À l'été 2022, la gravité de la situation avait été tempérée par un hiver précédent humide dans la plupart des régions, qui avait permis de recharger les nappes. Début 2023, à l'inverse, leur remplissage est donc en retard. Si la pluie se fait aussi rare dans les mois à venir, "on arrivera à une situation bien pire que celle qu'on a connue en fin d'été 2022", met en garde le Bureau des recherches géologiques et minières (BRGM).

Le temps est donc compté. "On a 25% des nappes qui sont à des niveaux très bas par rapport à la mi-février", estime Serge Zaka, consultant et docteur en agroclimatologie. "C'est comme une bombe à retardement", a-t-il expliqué à franceinfo, "si les nappes phréatiques ne sont pas rechargées d'ici le mois d'avril, il risque progressivement de ne plus y avoir d'eau du tout et donc des restrictions en été. Il ne reste que quelques semaines pour recharger les nappes. À partir du moment où les bourgeons des végétaux s'ouvrent, l'essentiel de l'eau qui tombe sur le sol va être utilisé par les racines des végétaux. Et donc très peu d'eau va s'infiltrer jusqu'aux nappes phréatiques."
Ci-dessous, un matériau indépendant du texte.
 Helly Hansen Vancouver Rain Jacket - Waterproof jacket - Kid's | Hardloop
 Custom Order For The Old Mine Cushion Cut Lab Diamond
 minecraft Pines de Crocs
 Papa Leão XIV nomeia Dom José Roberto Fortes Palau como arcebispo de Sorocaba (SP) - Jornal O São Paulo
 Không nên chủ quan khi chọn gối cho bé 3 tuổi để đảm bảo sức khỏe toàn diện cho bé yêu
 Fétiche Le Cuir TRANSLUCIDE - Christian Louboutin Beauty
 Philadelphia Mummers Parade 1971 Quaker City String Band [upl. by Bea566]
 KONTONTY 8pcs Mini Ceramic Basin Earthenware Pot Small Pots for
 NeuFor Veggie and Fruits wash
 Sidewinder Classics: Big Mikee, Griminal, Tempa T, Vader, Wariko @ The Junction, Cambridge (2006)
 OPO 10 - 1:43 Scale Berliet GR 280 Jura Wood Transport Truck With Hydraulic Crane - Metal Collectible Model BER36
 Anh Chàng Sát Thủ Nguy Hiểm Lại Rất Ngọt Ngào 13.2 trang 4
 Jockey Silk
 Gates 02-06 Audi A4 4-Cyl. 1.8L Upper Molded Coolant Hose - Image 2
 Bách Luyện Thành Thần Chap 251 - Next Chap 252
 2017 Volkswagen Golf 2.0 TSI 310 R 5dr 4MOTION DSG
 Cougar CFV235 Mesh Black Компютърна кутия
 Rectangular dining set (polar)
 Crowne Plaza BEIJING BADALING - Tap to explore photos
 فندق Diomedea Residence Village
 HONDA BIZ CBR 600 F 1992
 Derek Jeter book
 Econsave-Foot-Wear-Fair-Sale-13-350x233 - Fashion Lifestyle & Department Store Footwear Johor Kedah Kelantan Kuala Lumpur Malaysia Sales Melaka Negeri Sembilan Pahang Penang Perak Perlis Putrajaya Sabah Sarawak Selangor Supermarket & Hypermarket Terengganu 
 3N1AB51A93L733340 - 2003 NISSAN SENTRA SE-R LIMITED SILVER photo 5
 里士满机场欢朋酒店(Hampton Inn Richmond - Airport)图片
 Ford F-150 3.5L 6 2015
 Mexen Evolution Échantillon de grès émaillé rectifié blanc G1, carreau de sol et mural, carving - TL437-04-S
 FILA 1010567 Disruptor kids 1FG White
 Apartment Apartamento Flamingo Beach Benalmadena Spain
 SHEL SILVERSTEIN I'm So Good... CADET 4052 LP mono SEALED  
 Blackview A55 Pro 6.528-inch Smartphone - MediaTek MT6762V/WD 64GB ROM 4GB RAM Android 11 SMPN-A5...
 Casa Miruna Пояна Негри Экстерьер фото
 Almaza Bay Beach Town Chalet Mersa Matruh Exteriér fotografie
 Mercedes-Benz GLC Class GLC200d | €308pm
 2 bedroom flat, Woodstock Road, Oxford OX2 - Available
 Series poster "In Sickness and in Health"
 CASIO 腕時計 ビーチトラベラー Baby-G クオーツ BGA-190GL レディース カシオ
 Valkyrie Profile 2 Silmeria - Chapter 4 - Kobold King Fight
La pluviométrie des trois prochains mois (mars, avril, mai) sera donc déterminante.

Réunion au ministère jeudi

Signe de l'inquiétude, le ministère de la Transition écologique et de la Cohésion des territoires a décidé de réunir en urgence jeudi son "premier comité d'anticipation et de suivi hydrologique (CASH) de l’année pour évaluer la situation". Il a pour objectif "d’informer les représentants des usagers sur la situation hydrologique actuelle" et à venir, et d'anticiper les "risques potentiellement significatifs de sécheresse", a précisé le ministère de la Transition écologique dans un communiqué.

Des "conflits d'usage" se profilent, c'est-à-dire des tensions entre les besoins de l'agriculture, de la production d'hydroélectricité dans les barrages, des loisirs ou encore de la santé des écosystèmes. "Il va falloir changer un certain nombre de pratiques. Les golfs ça peut devenir compliqué", estime Magali Reghezza.

"Nous devons agir d’urgence afin de s’assurer que tous nos territoires soient préparés aux conséquences en cas de manque persistant de pluie", a commenté le ministre de la Transition écologique Chistophe Béchu ajoutant qu’un "Plan eau" serait présenté "prochainement" dans le but de "mieux gérer et utiliser la ressource en eau tout en renforçant les moyens dans chaque territoire pour lutter contre les pénuries".

"Les Agences de l’eau soutiendront des projets de résilience face à la sécheresse à hauteur de 100M€ supplémentaires cette année", a également fait savoir la secrétaire d’État chargée de l’Écologie, Bérangère Couillard.